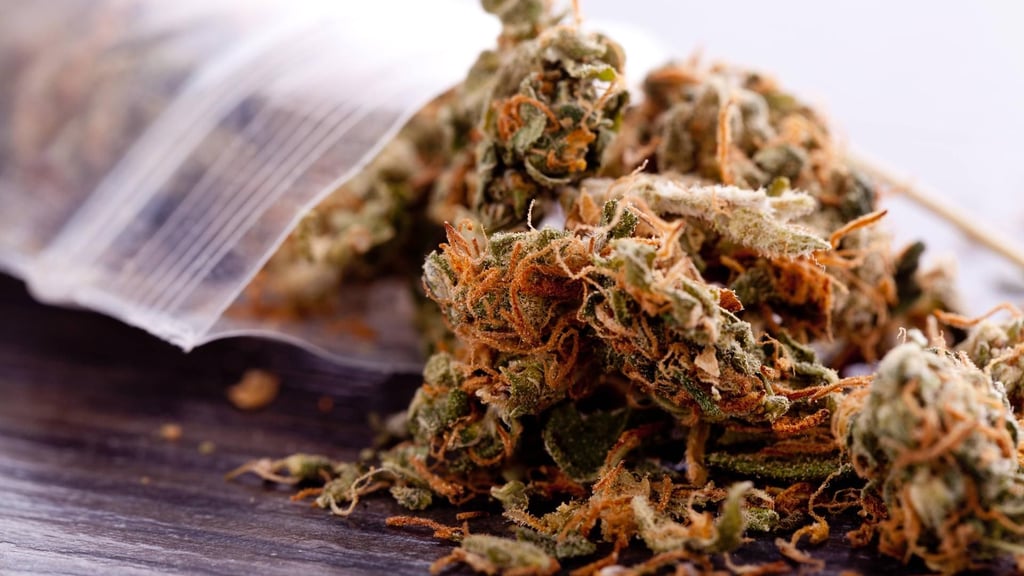 Cannabis in einem kleinen Beutel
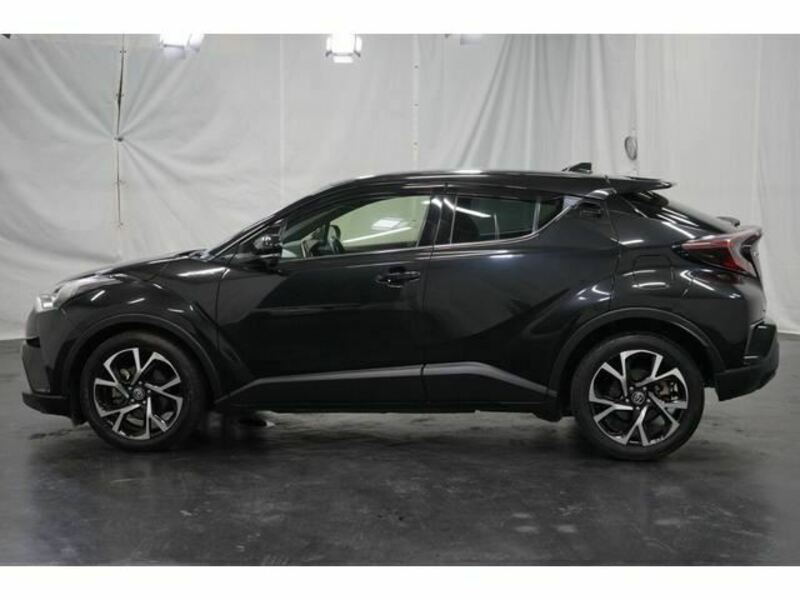 C-HR-11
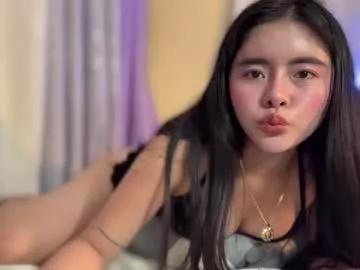 Freechat hotloveaxx on Chaturbate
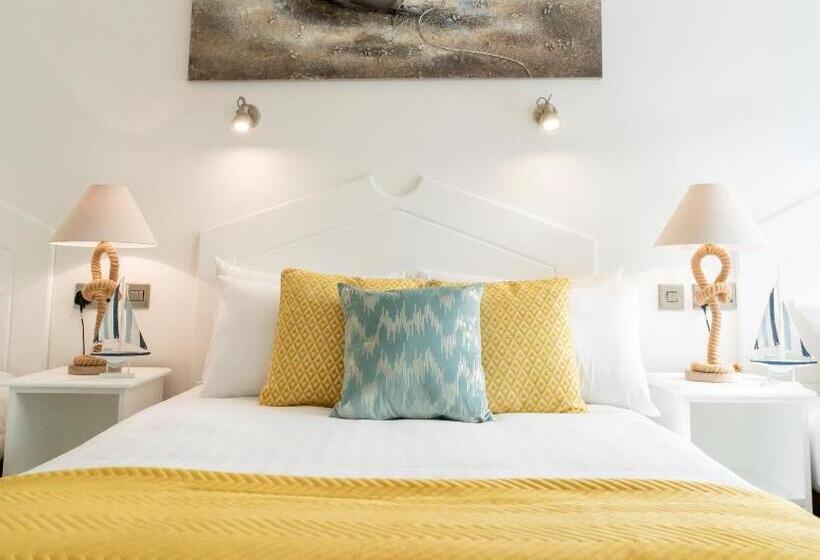 패밀리 룸, The Addresse On The Beach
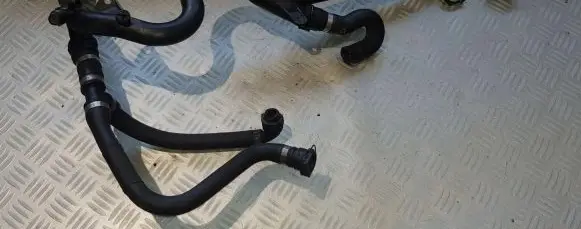 BMW 5 E60 E61 Engine coolant pipe/hose 7780001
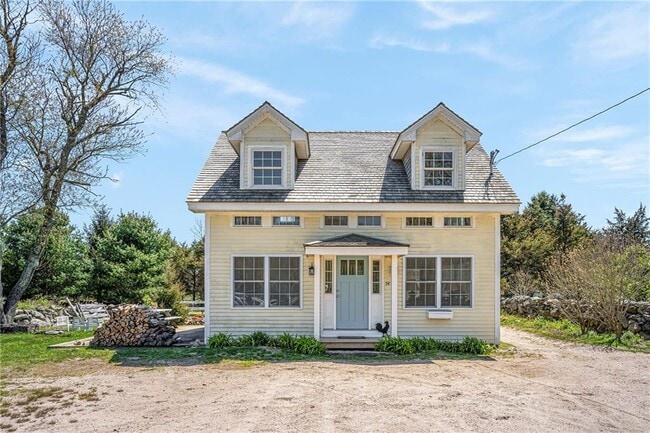 Primary Photo - 54 Metaterraine Ave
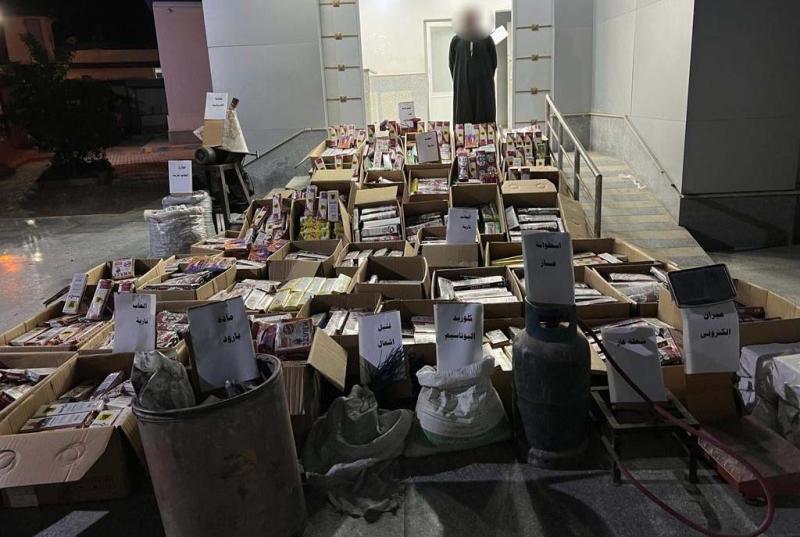 ضبط عاطل بالفيوم يدير مسكنه كورشة لتصنيع الألعاب النارية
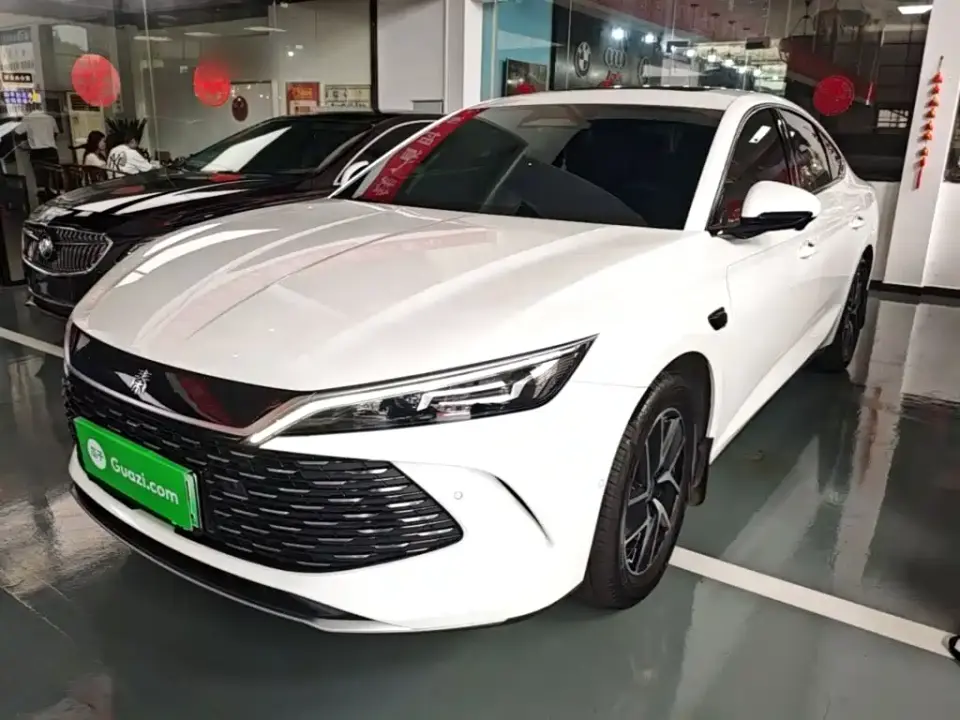 BYD Qin L DM-i Smart Drive Edition 120KM Leading 2025
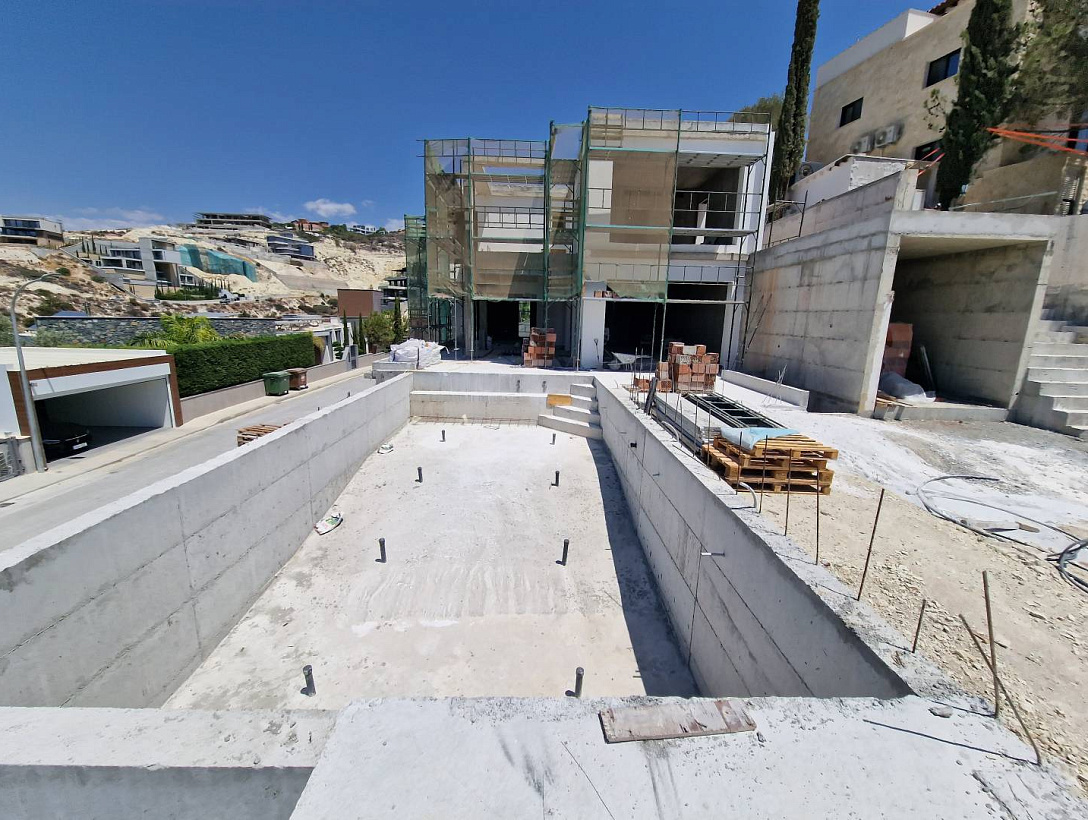 New villa in Limassol
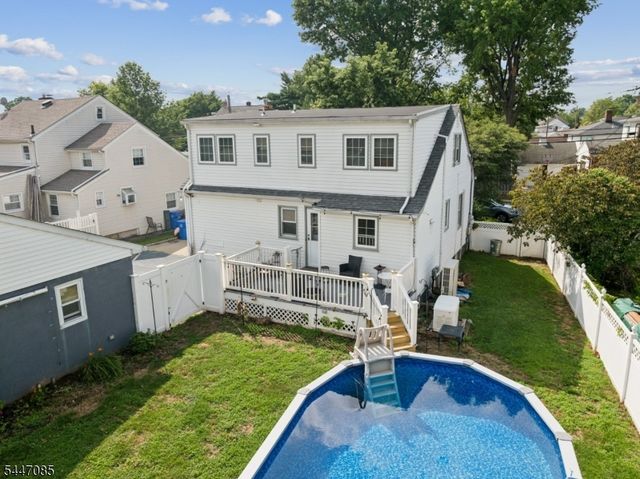 111 Yale Ter, Linden City, NJ 07036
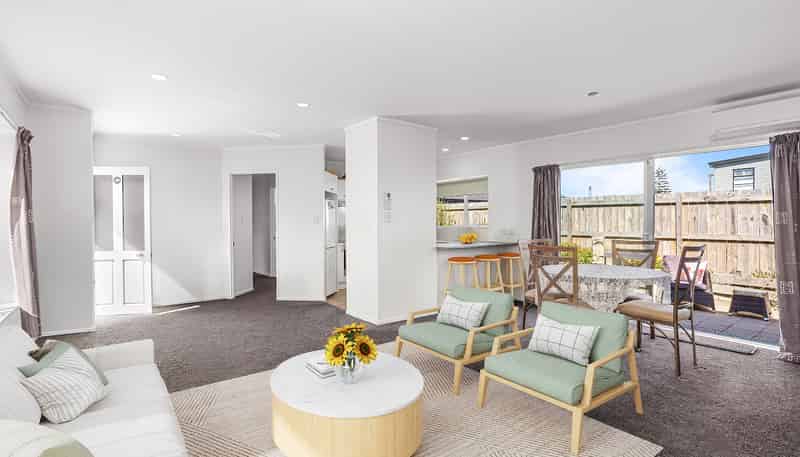 10C Ross Crescent, Orewa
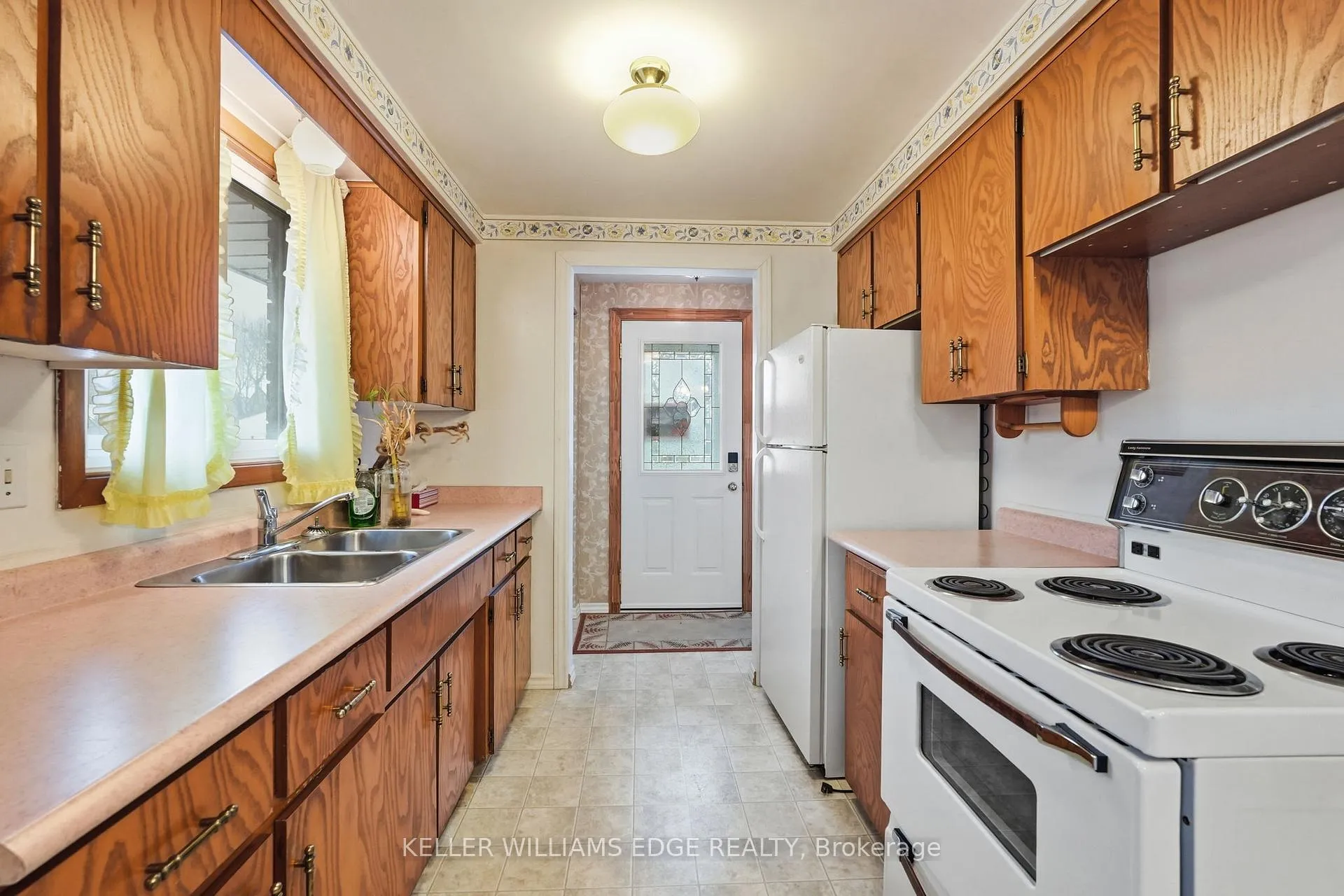 Photo 12 of 66 Geneva Crescent, Kitchener — HOMEH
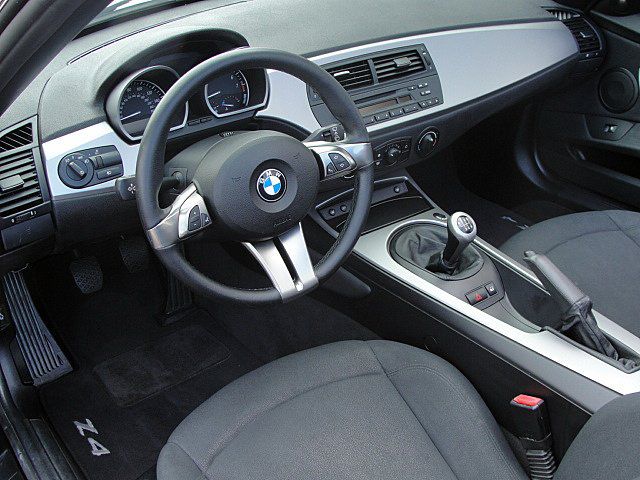 2006 BMW Z4 VAN EXT WB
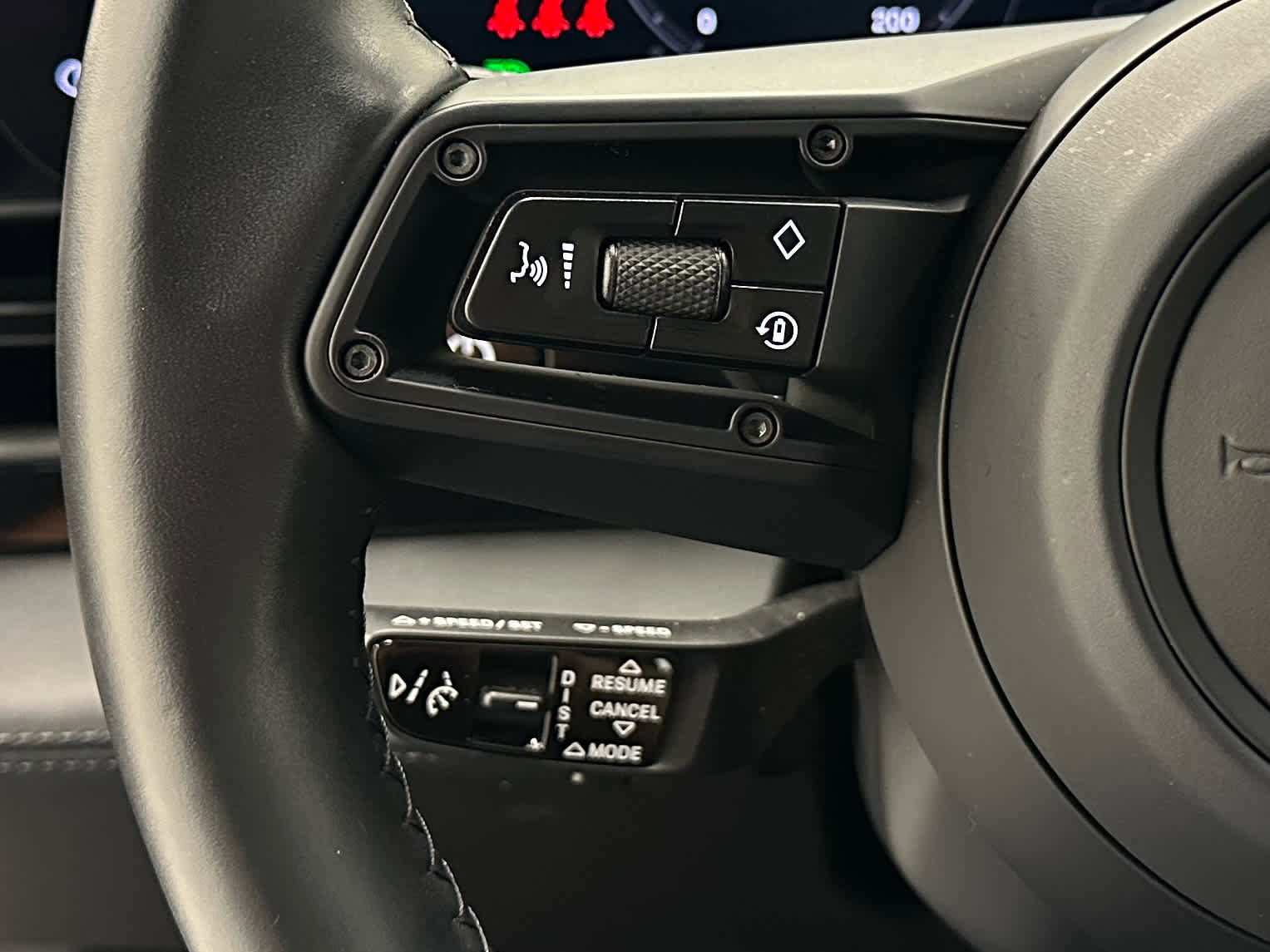 Used 2021 Porsche Taycan Turbo image 25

------------------------------------

--- About this task ---
Set out nothing but the lines from the line with "패밀리 룸, The Addresse On The Beach" through the end of the material, reproduced exactly, both ends included, pictures omitted.

--- Result ---
 패밀리 룸, The Addresse On The Beach
 BMW 5 E60 E61 Engine coolant pipe/hose 7780001
 Primary Photo - 54 Metaterraine Ave
 ضبط عاطل بالفيوم يدير مسكنه كورشة لتصنيع الألعاب النارية
 BYD Qin L DM-i Smart Drive Edition 120KM Leading 2025
 New villa in Limassol
 111 Yale Ter, Linden City, NJ 07036
 10C Ross Crescent, Orewa
 Photo 12 of 66 Geneva Crescent, Kitchener — HOMEH
 2006 BMW Z4 VAN EXT WB
 Used 2021 Porsche Taycan Turbo image 25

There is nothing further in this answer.